Friday, October 23, 2009

Feeling Normal


A fellow CLL'er had an accident recently, falling off a ladder while cleaning out the gutters at home. Reading some of his symptoms, ills, aches and pains one might immediately ask if the man is insane... I mean he has a severe case of CLL... Nope...he is just trying to feel normal again.

Made me think about myself- being self centered and all...

I was diagnosed in 2004- and since then I have underwent numerous chemo treatments, beet juice drinking, no meat, no sugar... and I still have CLL. Actually a rather intense kind that needs treatment, like a bone marrow transplant- or a miracle.

I told my immediate family after a few months, and I stayed on the job until January this year- 4 1/2 years- telling only a few at first, then being open about two years ago. I think I did okay, even in this troubling economy- but when I made a sales trip to LA and felt like I was "in trouble"- weak, unable to perform as I should- I took the spikes off. I received SS Disability, as well as insurance disability as soon as possible...so here I am...

At work, I was initially assigned to a position that allowed me to be somewhat creative---and I appreciate the opportunity. I also felt, as a man with an ego...that I was stuck in one place. I guess I should be thankful- and I actually was when I rationalized my thinking- but it was a special feeling...not normal.

In my home life, my friends and family were of course concerned... sometimes to the point of frustration. Some, I felt, wanted to take my pulse every time I saw them... I cannot fault them for being protective- but it was not normal.

I am, after all, a guy who always tried to succeed...who fought against the odds, and to some extent did better in life than I was expected to...to me that was normal. I liked in business being the underdog---as well as in life... and as I told one friend, I loved it when someone would say---"how did you get here?"

I like beating the odds.

I like doing it myself.

I like feeling normal...

So, my CLL Friend- I understand. I recently bought some synthetic oil, filter and found where to discard the old oil... not because I can't afford to have the oil changed...but because I want to feel "normal".
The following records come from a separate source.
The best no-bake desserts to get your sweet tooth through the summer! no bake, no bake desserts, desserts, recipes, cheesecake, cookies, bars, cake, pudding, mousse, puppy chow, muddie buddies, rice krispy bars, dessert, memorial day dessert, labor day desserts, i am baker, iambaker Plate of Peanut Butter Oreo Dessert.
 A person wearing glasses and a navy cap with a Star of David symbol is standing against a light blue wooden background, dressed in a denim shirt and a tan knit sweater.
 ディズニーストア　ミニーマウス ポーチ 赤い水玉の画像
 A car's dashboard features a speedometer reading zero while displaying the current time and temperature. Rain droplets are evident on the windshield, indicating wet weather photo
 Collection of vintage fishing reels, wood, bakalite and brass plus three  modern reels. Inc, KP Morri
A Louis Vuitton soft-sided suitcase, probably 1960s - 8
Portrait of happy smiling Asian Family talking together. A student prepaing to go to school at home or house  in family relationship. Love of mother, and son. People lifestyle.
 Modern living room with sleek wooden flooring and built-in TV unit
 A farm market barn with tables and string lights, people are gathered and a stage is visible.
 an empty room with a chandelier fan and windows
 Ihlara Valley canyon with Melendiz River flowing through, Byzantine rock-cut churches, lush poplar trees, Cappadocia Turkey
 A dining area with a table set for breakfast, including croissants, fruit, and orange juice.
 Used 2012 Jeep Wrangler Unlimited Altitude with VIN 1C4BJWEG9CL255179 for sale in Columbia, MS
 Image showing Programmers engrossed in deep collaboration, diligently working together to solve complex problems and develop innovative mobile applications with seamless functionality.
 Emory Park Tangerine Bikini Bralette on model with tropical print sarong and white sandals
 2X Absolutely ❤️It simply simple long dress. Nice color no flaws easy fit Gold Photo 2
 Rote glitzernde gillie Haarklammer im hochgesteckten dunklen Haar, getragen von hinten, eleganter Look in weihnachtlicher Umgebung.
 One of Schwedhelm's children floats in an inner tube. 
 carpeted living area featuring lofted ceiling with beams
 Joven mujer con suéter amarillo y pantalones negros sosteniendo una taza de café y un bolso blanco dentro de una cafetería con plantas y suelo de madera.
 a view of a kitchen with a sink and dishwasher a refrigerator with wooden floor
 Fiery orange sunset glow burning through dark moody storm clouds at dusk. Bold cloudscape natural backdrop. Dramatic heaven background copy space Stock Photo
Let's hope the ramp hold....

God Bless,

1 comment:

  1. Well said, Randy! I understand your feelings perfectly because I feel the same way. And so far I do feel normal...most of the time. But that's exactly why I haven't told anybody beyond my immediate family that I have CLL. I'll tell people when I have to, like when/if I have to start treatment. But in the meantime, I just want to feel normal.